So today was Mother's Day. We actually celebrated mostly last night as I got my presents and we ate crab. I love crab. I love that they put it on sale for Mother's Day. They must know me. Randy fed into my obsession with cookbooks by buying me a ton of them. I am going to have some fun this summer experimenting. I don't even know which one will be my new favorite. (Although one of them is Alton Brown's cookbook. I am so excited about that one. I am a HUGE Alton Brown fan and have been for years.)

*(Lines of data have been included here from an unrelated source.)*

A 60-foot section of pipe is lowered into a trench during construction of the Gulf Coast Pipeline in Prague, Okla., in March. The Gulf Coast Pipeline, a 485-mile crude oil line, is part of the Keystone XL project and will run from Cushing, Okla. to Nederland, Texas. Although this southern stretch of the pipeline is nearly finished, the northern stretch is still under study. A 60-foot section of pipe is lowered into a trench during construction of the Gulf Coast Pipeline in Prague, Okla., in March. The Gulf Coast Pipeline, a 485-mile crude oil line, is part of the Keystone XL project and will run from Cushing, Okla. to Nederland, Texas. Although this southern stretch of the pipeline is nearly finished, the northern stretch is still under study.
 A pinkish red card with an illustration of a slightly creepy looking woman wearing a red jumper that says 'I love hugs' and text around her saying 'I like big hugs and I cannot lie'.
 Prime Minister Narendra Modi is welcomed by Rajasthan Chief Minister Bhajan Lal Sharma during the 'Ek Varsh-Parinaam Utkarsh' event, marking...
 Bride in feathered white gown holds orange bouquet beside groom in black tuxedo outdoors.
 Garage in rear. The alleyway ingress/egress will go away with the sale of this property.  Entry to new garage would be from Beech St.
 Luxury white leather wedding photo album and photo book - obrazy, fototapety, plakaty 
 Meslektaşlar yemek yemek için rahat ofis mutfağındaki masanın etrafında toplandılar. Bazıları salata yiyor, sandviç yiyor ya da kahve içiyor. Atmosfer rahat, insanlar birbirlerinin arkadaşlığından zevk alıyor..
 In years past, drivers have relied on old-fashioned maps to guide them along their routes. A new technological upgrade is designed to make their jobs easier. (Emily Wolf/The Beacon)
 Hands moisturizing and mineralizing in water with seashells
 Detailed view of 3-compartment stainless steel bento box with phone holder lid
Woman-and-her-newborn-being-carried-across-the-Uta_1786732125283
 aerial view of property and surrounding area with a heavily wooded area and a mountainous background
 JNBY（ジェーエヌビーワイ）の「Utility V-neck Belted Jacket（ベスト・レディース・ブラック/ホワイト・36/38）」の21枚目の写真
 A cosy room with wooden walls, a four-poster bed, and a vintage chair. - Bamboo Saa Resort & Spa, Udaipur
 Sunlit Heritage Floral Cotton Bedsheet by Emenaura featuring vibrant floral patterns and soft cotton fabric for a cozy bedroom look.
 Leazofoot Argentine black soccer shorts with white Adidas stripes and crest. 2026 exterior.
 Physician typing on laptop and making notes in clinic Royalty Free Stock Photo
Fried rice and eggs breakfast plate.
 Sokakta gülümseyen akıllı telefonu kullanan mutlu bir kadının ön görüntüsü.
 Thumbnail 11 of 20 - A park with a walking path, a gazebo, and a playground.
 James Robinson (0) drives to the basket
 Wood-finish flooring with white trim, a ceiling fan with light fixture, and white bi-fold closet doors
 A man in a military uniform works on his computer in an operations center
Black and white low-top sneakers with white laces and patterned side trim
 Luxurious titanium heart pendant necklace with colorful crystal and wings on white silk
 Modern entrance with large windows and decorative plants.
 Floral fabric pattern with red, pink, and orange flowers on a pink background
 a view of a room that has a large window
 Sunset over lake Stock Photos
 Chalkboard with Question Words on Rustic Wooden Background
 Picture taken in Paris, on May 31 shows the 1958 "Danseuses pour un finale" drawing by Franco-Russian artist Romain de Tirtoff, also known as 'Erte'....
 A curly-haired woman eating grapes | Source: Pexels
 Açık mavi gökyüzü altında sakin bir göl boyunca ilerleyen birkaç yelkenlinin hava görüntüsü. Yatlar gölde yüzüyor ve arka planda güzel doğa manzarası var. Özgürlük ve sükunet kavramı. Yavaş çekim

I was reflecting today on a Mother's day that must have taken place about 8 years ago. I had many expectations (not unreasonable to me) of having a relaxing soak in the tub, and then a leisurely getting ready for afternoon church and a nice day relaxing. I can't even remember what went wrong that day: whether it was illness, contention or what, but I do remember venting to my online looper friends about the crappy Mother's day I had had. One of those loopers, who was not able at the time to have children, lit into me about my bad attitude when some people would at least like to be able to have children. I have thought about that experience a lot since then. See, here is my deal. We each have things in our lives that make us happy and sad. We all have trials. My trials are not the same as your trials. Sometimes we have trials that are similar, but because we are different individuals we may not have the same experience in those trials. To try to equate or qualify our trials as better or worse than anyone else's might be doing ourselves a disservice. I mean, sure, she wasn't able to have children which was a huge deal. I get it. But to not even attempt to sympathize with someone having a bad day because you see your life as somewhat worse is not only not fair, but is kind of self absorbed. I think the worst trial we have to deal with in life is competitions and enmity. Trying to say that my day was better or worse than yours, or that my life is better or worse than yours, or that my kids are better or worse than yours is bogus. Life is what we have and it is what we make it. This year I have been trying to look into what it means to be humble, and the first quality you have to develop is the quality of being non-judgmental. That means that you can't say your life is any better or worse than mine, because you haven't lived in my skin. When someone is having a bad day, it doesn't make them feel any better to tell them that they have no reason to complain.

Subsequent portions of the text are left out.